▶ [MATERIAL FOR THE TASK]

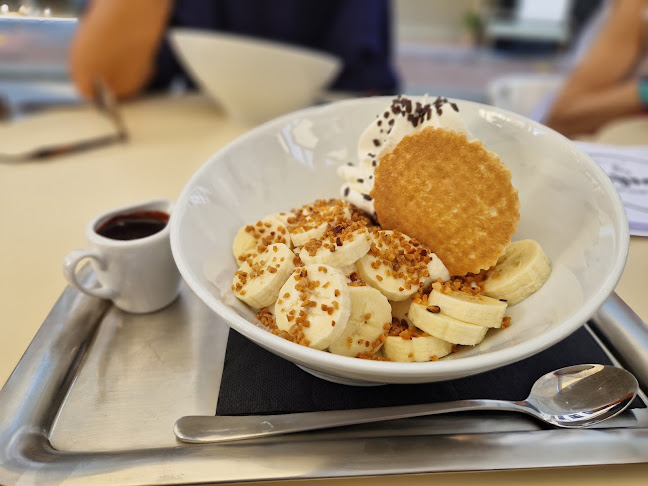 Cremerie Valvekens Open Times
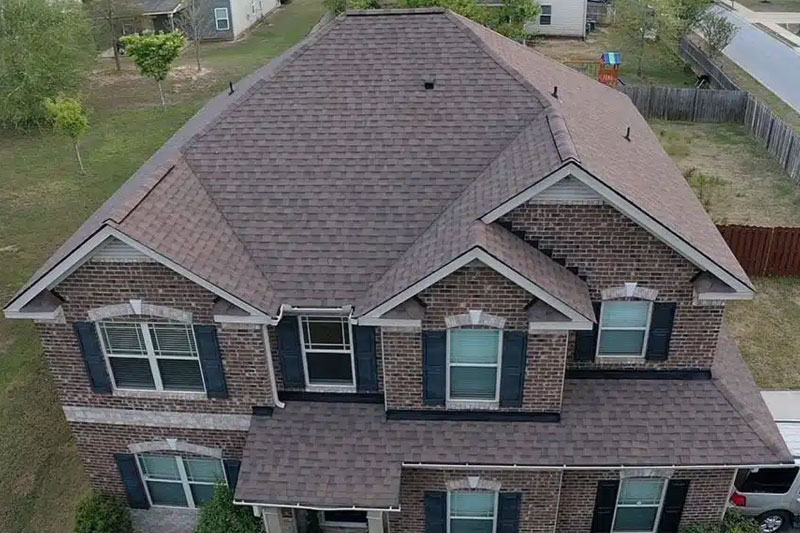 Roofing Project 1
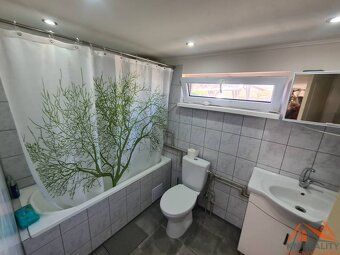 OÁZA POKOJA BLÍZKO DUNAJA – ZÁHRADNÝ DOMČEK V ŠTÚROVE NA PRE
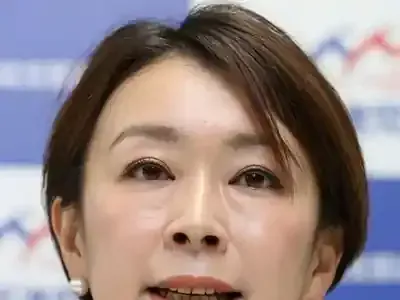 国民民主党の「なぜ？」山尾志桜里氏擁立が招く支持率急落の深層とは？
---
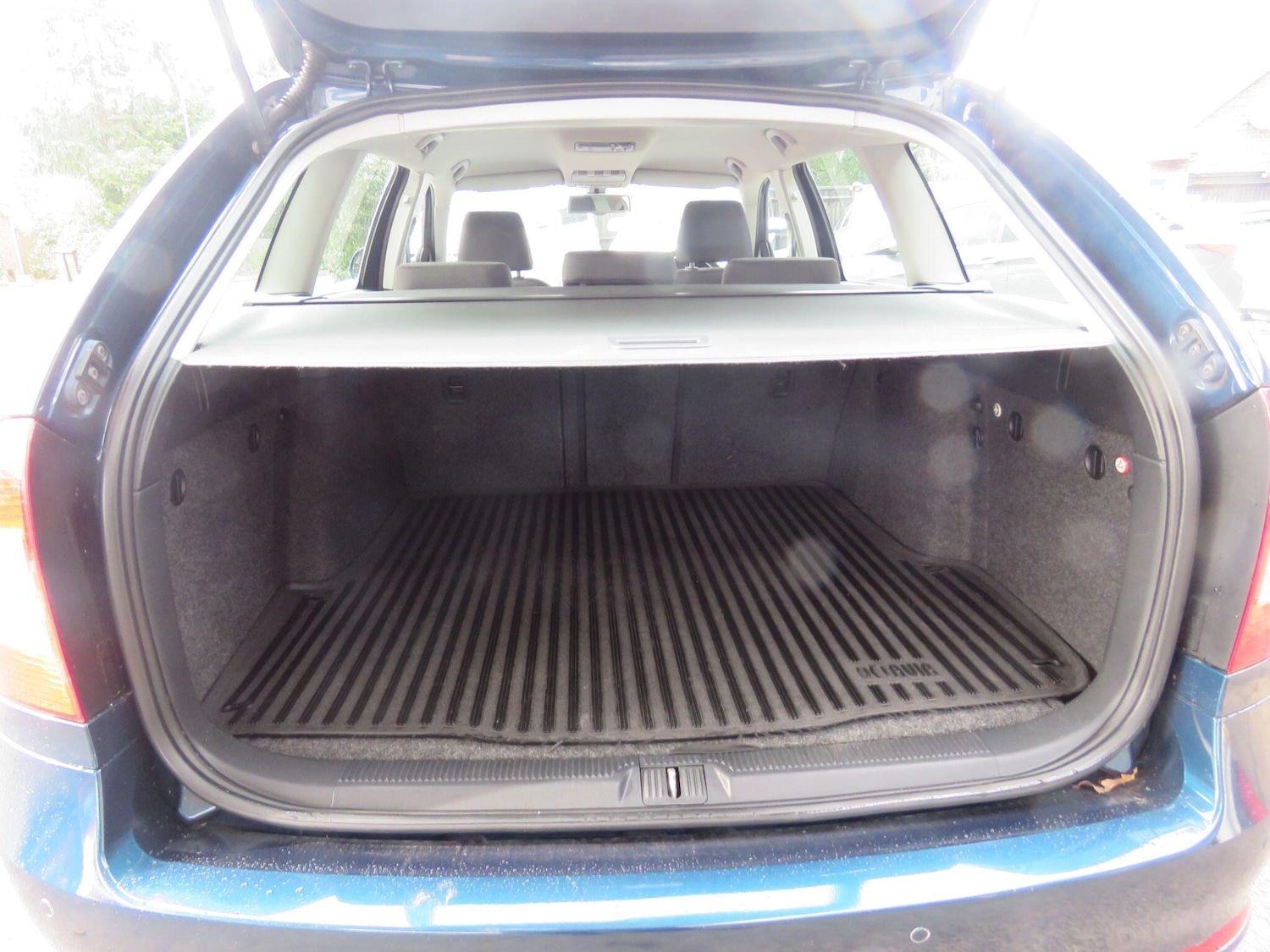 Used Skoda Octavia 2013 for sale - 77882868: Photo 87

▶ [YOUR INSTRUCTIONS]
From the records above, transcribe only the stretch from the line with "OÁZA POKOJA BLÍZKO" through the line with "国民民主党の「なぜ？」山尾志桜里氏擁立が招く支持率急落の深層とは？", keeping both ends. Omit pictures.

▶ [SOLVED PROBLEM]
 OÁZA POKOJA BLÍZKO DUNAJA – ZÁHRADNÝ DOMČEK V ŠTÚROVE NA PRE
 国民民主党の「なぜ？」山尾志桜里氏擁立が招く支持率急落の深層とは？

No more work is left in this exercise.